§ WHAT IS BEING ASKED: Using the data below, restate exactly every line from the one with "Volvo V40 1.5" up to and including the one with "Page 14 of Chapter 67". No picture belongs in it.

━━━━━━━━━━━━━━━━━━━━

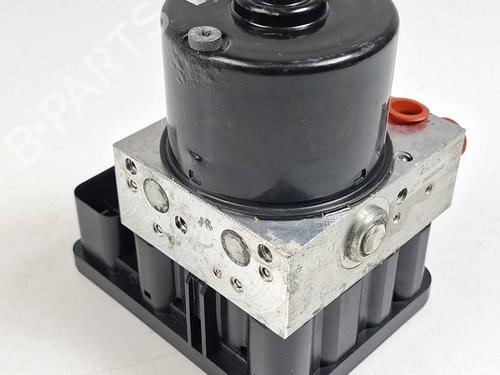 ABS pump BMW 3 Coupe (E92) 320 d | BP39929639M43 - Image 3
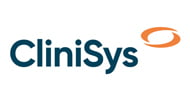 clinisys 190×100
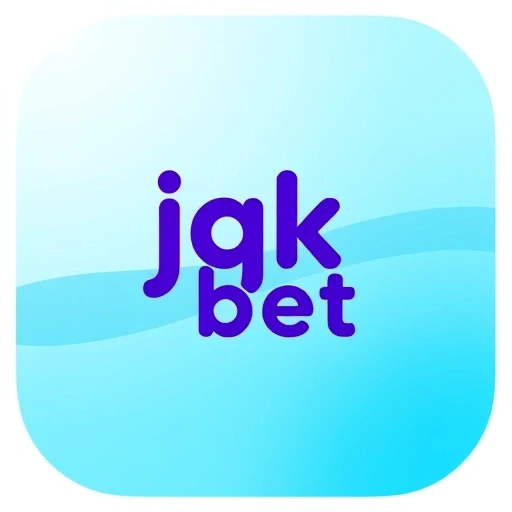 jqk bet | Site Oficial Confiável com App e Caça-Níqueis Inigualáveis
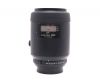 Pentax SMC FA 2.8/100mm Macro
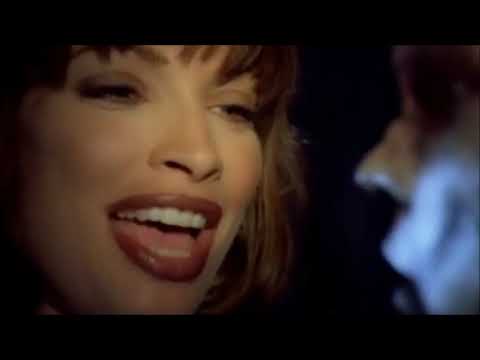 Meat Loaf - I'd Do Anything for Love (But I Won't Do That) Full audio with video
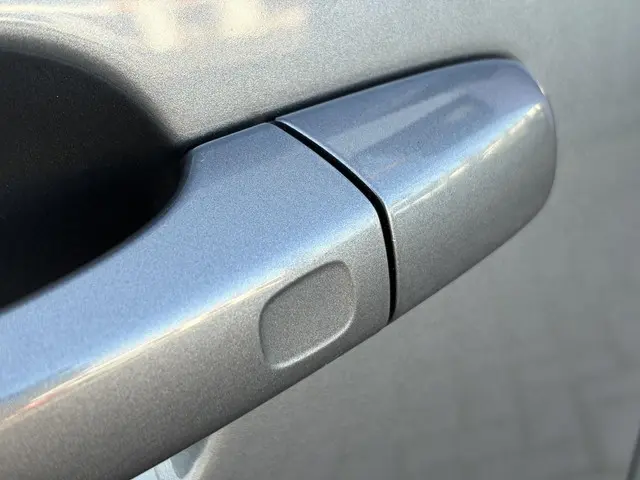 Volvo V40 1.5 T3 Polar+ Sport 2019 Benzine 29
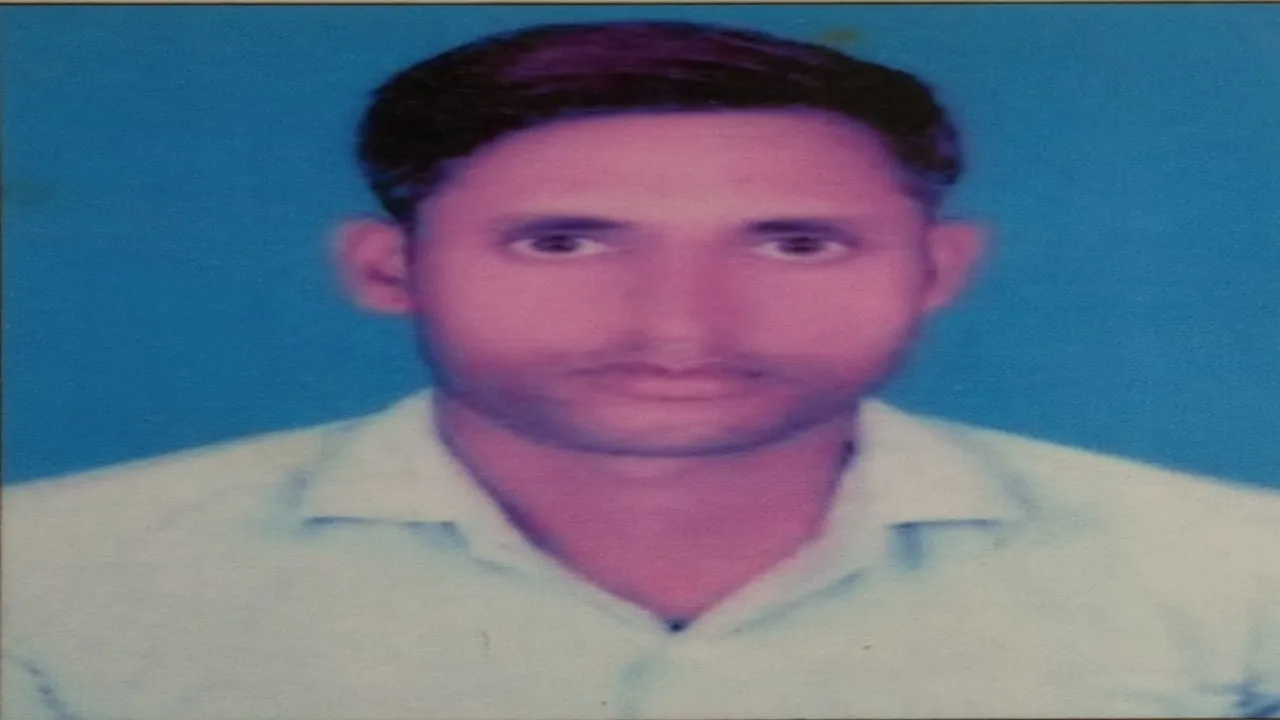 अयोध्या: हीटवेव का शिकार हुआ सुरक्षाकर्मी, इलाज के दौरान मौत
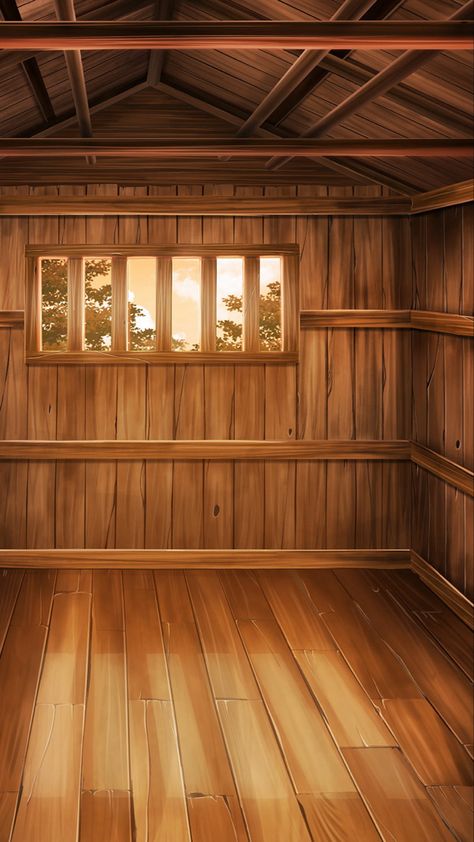 Anime Indoor Background, Cartoon Room Background, Indoors Background, Cool Colorful Backgrounds, Wooden Cabin Interior, Book Cover Background, House Background, Wattpad Background, Episode Interactive Backgrounds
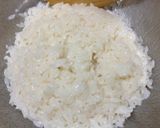 おいしいにぎり寿司Ⅰ作り方1写真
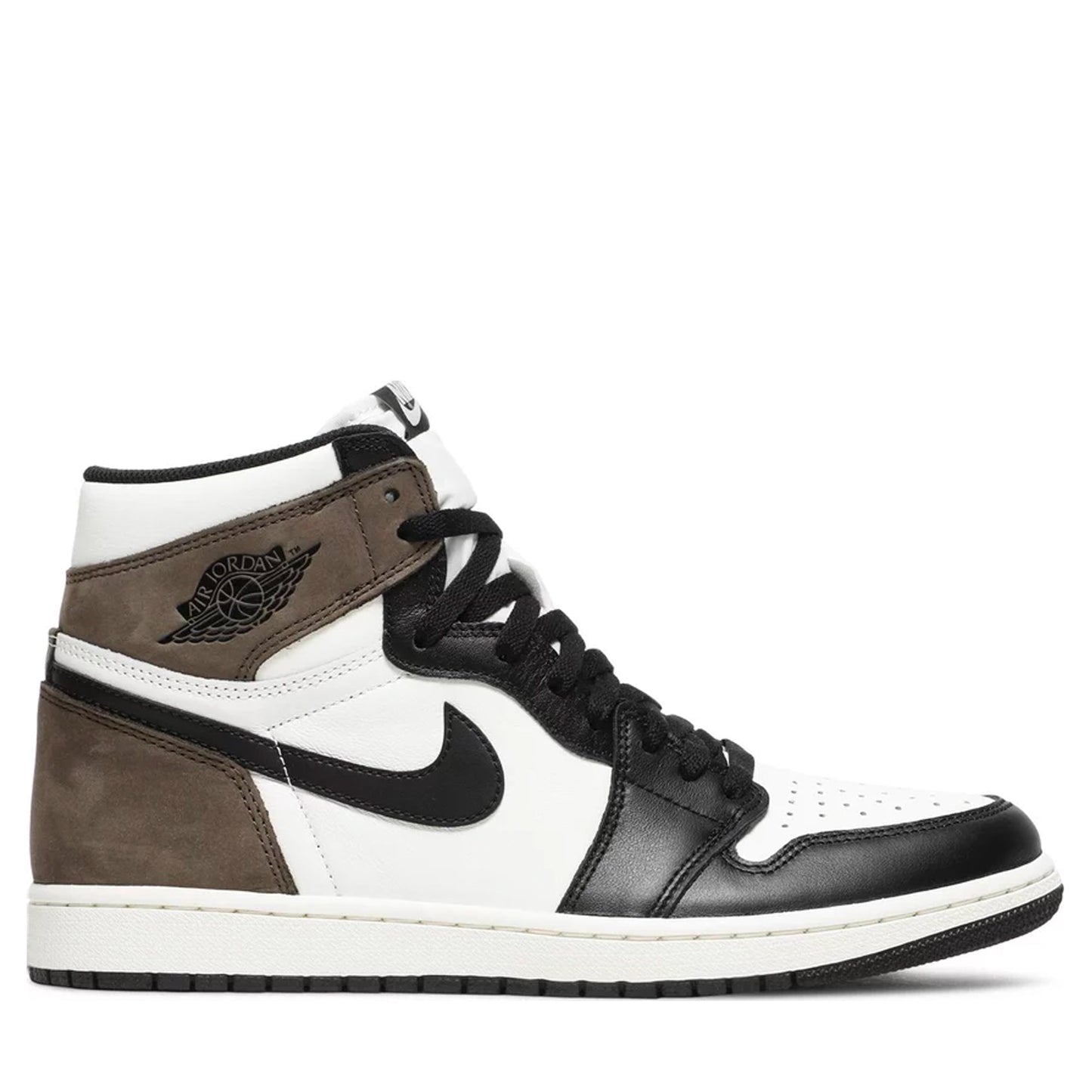 Jordan 1 Retro High Dark Mocha (GS)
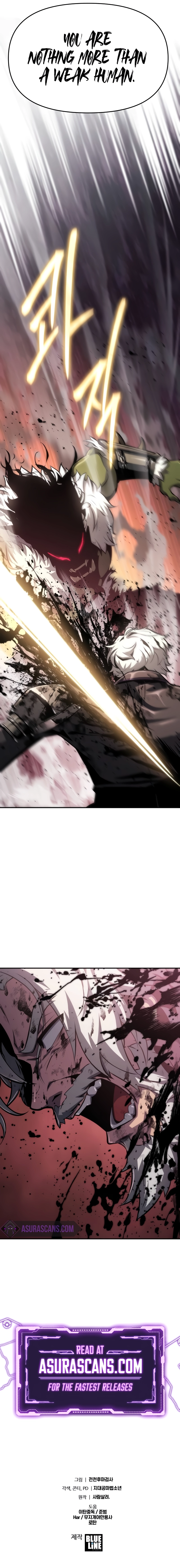 Page 14 of Chapter 67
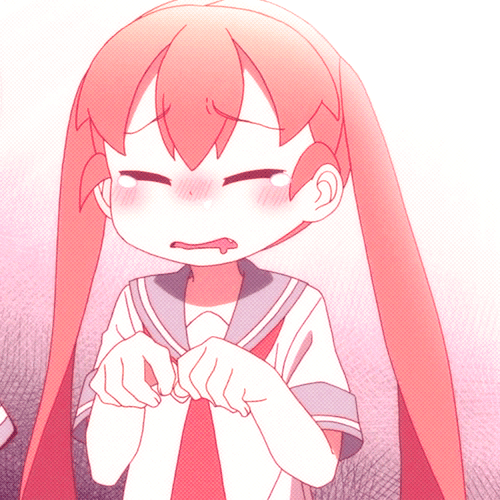 9f8ea39f56101e9c6a6f2af6e42b650c.gif : 기분안좋아졌다 9f8ea39f56101e9c6a6f2af6e42b650c.gif : 기분안좋아졌다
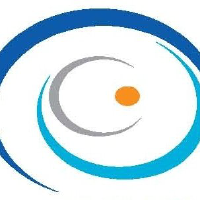 Logo of INVO - INVO Bioscience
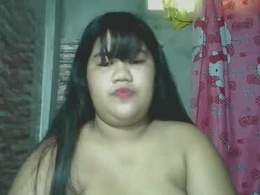 amazing_babe07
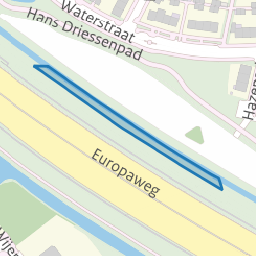 Perceel VEL01-G-2417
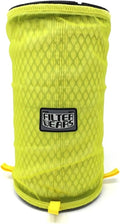 FILTERWEARS Pre-Filter F348Y For K&N Air Filter KA-1020 Kawasaki Teryx KRX 1000 Air Filter 110130782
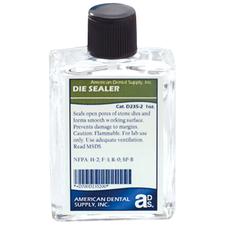 Die Sealer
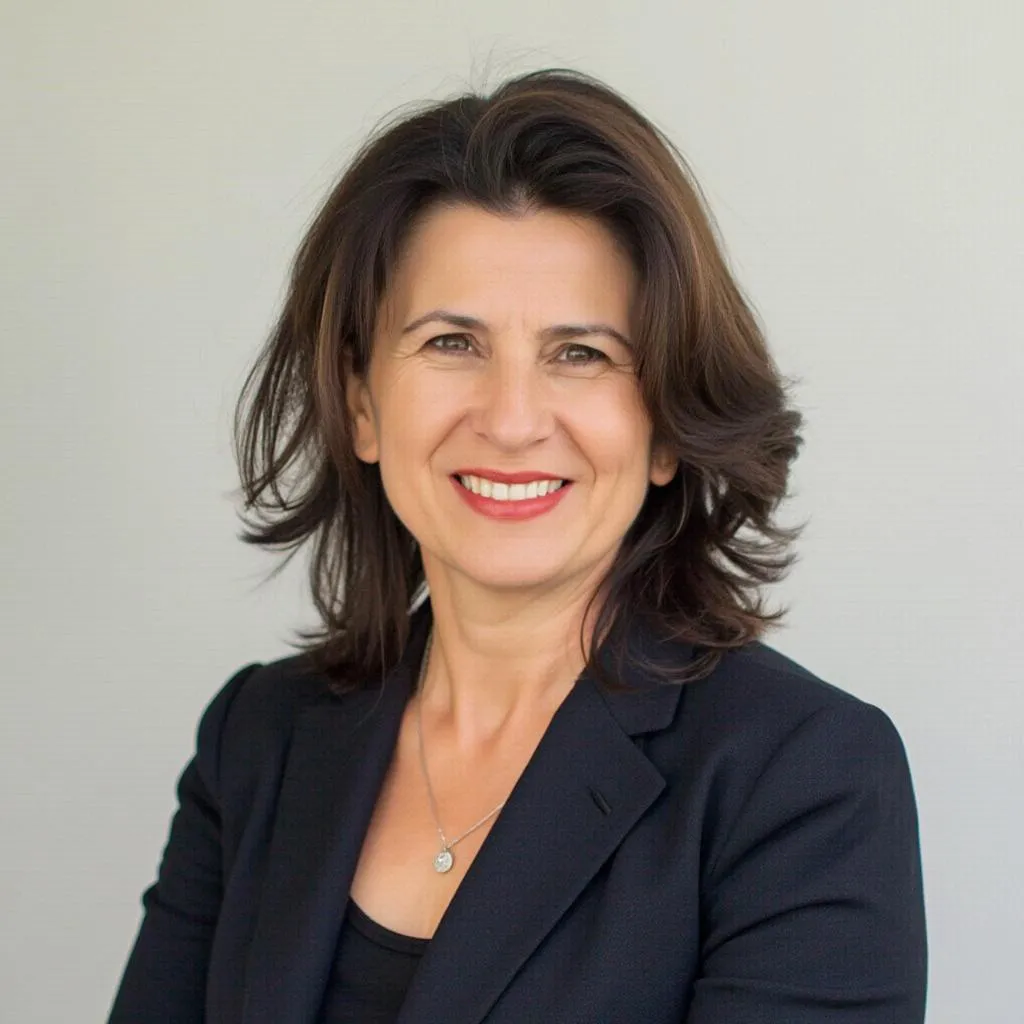 Foto de Laura Giménez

━━━━━━━━━━━━━━━━━━━━

§ FINISHED TASK:
 Volvo V40 1.5 T3 Polar+ Sport 2019 Benzine 29
 अयोध्या: हीटवेव का शिकार हुआ सुरक्षाकर्मी, इलाज के दौरान मौत
 Anime Indoor Background, Cartoon Room Background, Indoors Background, Cool Colorful Backgrounds, Wooden Cabin Interior, Book Cover Background, House Background, Wattpad Background, Episode Interactive Backgrounds
 おいしいにぎり寿司Ⅰ作り方1写真
 Jordan 1 Retro High Dark Mocha (GS)
 Page 14 of Chapter 67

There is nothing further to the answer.